Sin dudas, Los mutilados es uno de los desmontajes más feroces que se han hecho de la posguerra europea, uno de sus “documentos”. Por ella, como ya mencionamos, no sólo deambula el amigo de infancia de Polzer, un inválido sardónico y rico que había perdido sus piernas en la contienda bélica y para colmo es asistido por un enfermero gordo que antes había sido carnicero y ahora vive obsesionado con Dios. También una viuda con una rayita blanca en el pelo que se monta encima de Polzer todas las noches en lo que este (un hombre que no puede decir no) mira para otro lado y aguanta el vómito. Banqueros caricaturescos que vigilan la vida privada de Polzer y se ríen en sus narices. La mujer del inválido…

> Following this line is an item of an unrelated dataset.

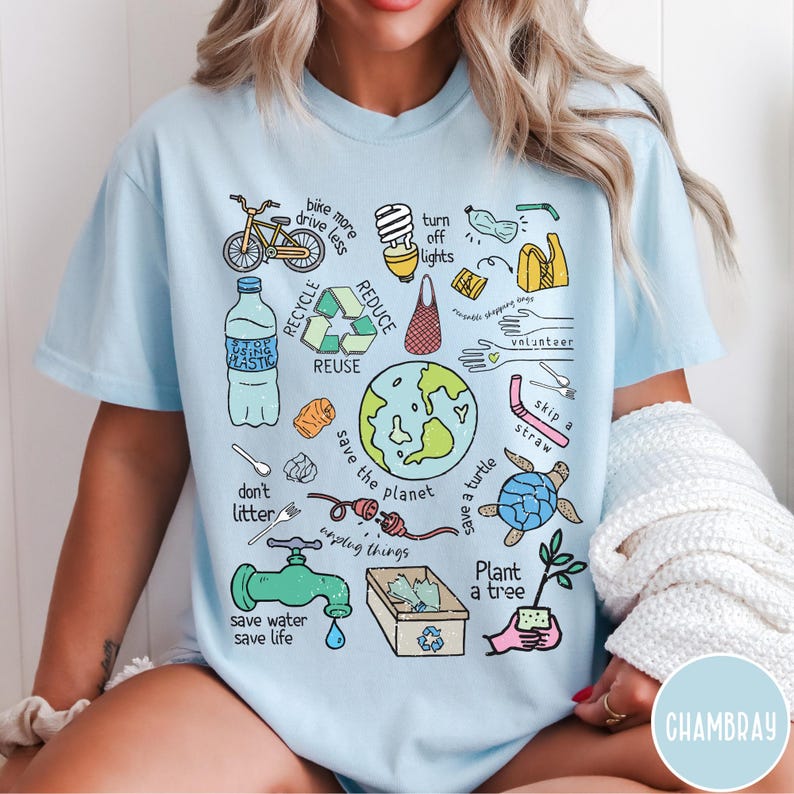 May include: Light blue t-shirt featuring a graphic print of various illustrations related to environmentalism. The illustrations include a bicycle, a lightbulb, a reusable bag, a water bottle, a recycling symbol, a globe, a turtle, a faucet, a tree, and a straw. The text on the shirt includes "bike more drive less", "turn off lights", "reduce", "recycle", "reuse", "save the planet", "don't litter", "save water save life", "skip a straw", "save a turtle", "plant a tree", and "unplug things".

En fin, toda una galería de “hombrecitos” que tendrían como signo de identidad no sólo su psicopatología, esa que los convierte de plano en personajes desagradables y casi ridículos, sino el de haber sobrevivido a todo, a sí mismos incluso.

Para esto, Ungar hace lo mejor que se puede hacer con la política en literatura: no mencionarla. Y esto lo digo entre comillas, ya que a pesar de que en toda la novela no se habla sino de pasada del trauma bélico (Fanta, el inválido, había perdido precisamente sus piernas allí), todos los personajes están directamente relacionados con ella. O lo que es lo mismo, con eso que vendría después, esa suerte de cinismo, desencanto, angustia, desespero que, como ya sabemos, se apoderaría de lo que con más ironía que acierto se llamaba la clase media alemana (o austriaca o morava) y terminaría echando paletadas en los hornos de Auschwitz. Entre otras cosas, para “redimir” aquella primera frustración, aquella “primera muerte del símbolo”.

¿No es precisamente la política, decía Freud, el arte de saber sacar todo el horror que en sí, y no a mucha profundidad, contiene en sus adentros el ser humano: homo hominis lupus?

Ungar (Moravia, 1893 – Praga, 1929), quien además de Los mutilados escribió otra gran novela, La clase, atravesada también por otro gran “macho omega”, en este caso por Blau, monstruico que al igual que Polzer es incapaz de revelarse y cuyo único fin es –parece ser– enseñarle a sus alumnos a respetar el orden despótico de la época, apenas fue alabado en vida y aún continúa siendo uno de nuestros grandes desconocidos, a pesar de que su literatura contiene más de un punto de contacto con Walser, Weiss, Kafka o Werfel.

Ojalá se reediten pronto sus obras (son pocas, ya que murió a los treinta y seis años de apendicitis en un hospital de Praga). Ojalá, repito. Descubriremos con asombro cuánto tiene de cómico e ideológico ese hipocondríaco de Hermann Ungar…

Cuánto de actual.

Posdata: La obra de Ungar fue prohibida en República Checa después de la invasión soviética de 1968. A pesar de que después del cambio el error ha sido “subsanado”, su obra (y no sólo en Praga et al.), continúa siendo poco conocida, y por ende poco estudiada. Como me dijo alguien en una taberna: “Ungar es un fantasma.” Y tenía razón. Lo es. Siempre lo fue.